Bientôt des boîtes pour bébés abandonnés dans l’Indiana

Elle ressemble à s’y méprendre à une boîte aux lettres sauf qu’une porte est parsemée de trous: l’Indiana, dans le nord des Etats-Unis, pourrait bientôt installer des boîtes pour bébés abandonnés, une première dans le pays qui suscite déjà une vive controverse.

Cette pratique, très répandue au Moyen Âge, avait disparu au XIXe siècle en Europe mais elle a revu le jour notamment en Allemagne en 1999, après la découverte de bébés morts de froid dehors. En France, elle a été interdite en 1904 puis remplacée par l’accouchement sous X.

Onze pays européens, la Chine, le Japon, la Malaisie et la Corée du sud utilisent ces couveuses extérieures, a recensé Laury Oaks, professeur associée en sociologie et anthropologie à l’université de Californie, auteur d’un livre à paraître en juin, "Giving up baby" (abandonner son bébé).

Appelées "tour d’abandon" en France ou "baby hatch" (trappe pour bébés) dans les pays anglo-saxons, ces boîtes disposaient d’une petite porte fixée sur un pivot pour y glisser l’enfant et se trouvaient souvent près d’un couvent ou d’une église.

Cette fois la mère n’aura pas besoin de sonner la cloche pour prévenir du dépôt d’un bébé. La "baby box" telle qu’envisagée dans l’Indiana sera non seulement climatisée mais aussi dotée de trois alarmes.

Pourtant l’Indiana dispose déjà d’une loi, nommée "Safe Haven" (lieu sûr), qui permet d’abandonner anonymement son enfant, dans un hôpital, une caserne de pompiers ou un commissariat de police.

Des lois similaires instaurées depuis 1999 dans tous les Etats américains ont permis de recueillir 2.866 bébés, quand 1.324 ont été abandonnés hors de ce dispositif, selon la présidente de l’association Save Abandoned Babies, Dawn Geras, basée dans l’Illinois voisin.

Mais Casey Cox, auteur de cette proposition de boîtes, adoptée par la chambre de l’Indiana fin février et qui doit encore être examinée par le Sénat, estime que les mères ne sont pas toujours "au courant" de l’existence de ces lieux d’abandon.

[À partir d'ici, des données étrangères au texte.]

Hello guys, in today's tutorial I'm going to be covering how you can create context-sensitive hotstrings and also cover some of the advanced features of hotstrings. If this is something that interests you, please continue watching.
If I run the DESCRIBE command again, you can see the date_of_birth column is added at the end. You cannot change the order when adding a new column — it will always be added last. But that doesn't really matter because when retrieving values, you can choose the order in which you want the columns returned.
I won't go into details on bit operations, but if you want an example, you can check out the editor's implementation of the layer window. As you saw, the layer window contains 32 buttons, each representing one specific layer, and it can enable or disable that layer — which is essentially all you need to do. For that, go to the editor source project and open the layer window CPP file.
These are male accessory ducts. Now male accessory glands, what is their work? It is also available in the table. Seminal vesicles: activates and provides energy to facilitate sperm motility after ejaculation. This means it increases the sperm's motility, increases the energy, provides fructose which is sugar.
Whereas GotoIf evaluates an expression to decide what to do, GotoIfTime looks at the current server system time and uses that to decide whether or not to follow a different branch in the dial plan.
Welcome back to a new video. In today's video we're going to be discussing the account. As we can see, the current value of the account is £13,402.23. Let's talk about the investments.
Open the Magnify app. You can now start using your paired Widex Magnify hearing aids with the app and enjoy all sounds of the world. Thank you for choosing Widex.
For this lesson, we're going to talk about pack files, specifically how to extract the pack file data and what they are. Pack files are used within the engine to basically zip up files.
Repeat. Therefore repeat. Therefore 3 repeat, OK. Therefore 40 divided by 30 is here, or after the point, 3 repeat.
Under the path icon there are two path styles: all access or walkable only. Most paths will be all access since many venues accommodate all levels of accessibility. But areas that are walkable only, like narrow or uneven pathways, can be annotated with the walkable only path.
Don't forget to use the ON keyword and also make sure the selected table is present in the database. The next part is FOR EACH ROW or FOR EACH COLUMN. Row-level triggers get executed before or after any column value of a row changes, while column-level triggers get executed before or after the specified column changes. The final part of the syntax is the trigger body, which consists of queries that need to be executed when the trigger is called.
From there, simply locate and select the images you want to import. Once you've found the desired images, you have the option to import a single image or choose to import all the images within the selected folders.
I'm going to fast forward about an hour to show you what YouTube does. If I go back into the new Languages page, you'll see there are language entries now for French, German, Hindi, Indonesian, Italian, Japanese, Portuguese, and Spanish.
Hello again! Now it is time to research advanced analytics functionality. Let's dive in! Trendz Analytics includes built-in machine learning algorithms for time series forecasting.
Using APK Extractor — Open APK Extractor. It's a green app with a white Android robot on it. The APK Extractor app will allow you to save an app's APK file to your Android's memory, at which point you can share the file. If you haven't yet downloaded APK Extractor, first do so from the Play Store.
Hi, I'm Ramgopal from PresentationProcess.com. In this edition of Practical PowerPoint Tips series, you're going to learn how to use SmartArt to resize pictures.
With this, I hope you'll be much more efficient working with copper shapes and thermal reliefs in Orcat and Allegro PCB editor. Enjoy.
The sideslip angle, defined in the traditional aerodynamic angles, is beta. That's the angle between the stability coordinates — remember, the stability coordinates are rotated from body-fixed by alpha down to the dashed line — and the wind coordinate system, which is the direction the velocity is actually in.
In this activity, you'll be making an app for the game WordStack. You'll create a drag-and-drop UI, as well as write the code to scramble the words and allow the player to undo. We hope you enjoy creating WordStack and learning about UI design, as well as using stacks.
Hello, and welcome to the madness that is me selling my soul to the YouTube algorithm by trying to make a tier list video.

Ou bien elles refusent de les utiliser par "crainte du face-à-face" et laissent leurs bébés dehors. Cet élu républicain ne cache pas non plus qu’il s’agit d’"une alternative à l’abandon dehors et à l’avortement".

– La ‘honte’ renforcée –

"Pas de honte, pas de culpabilité, pas de noms", renchérit la présidente de l’association Safe Haven Baby Boxes, Monica Kelsey, qui a inspiré le texte, présenté comme un "complément" aux lois Safe Haven et qui a elle-même été abandonnée dans un hôpital par sa mère après un viol.

Mais pour Mme Geras et les défenseurs des programmes Safe Haven de 1999, il s’agit d’une très "mauvaise idée".

Ces boîtes "empêchent la mère de recevoir une aide médicale" après l’accouchement ou bien d’avoir un "contact personnel" qui leur permet, dans 25% des cas, de choisir l’adoption ou un programme parental au lieu de l’abandon.

En plaçant son enfant dans une boîte, la mère n’a pas non plus "la consolation d’avoir mis son bébé dans les bras de quelqu’un", soutient-elle.

Surtout, "l’idée que ce qu’elle est en train de faire est +mal+ et qu’elle devrait avoir honte de ce qu’elle fait est renforcée", insiste Mme Geras, qui préfèrerait que l’Indiana informe davantage les mères sur la loi Safe Haven.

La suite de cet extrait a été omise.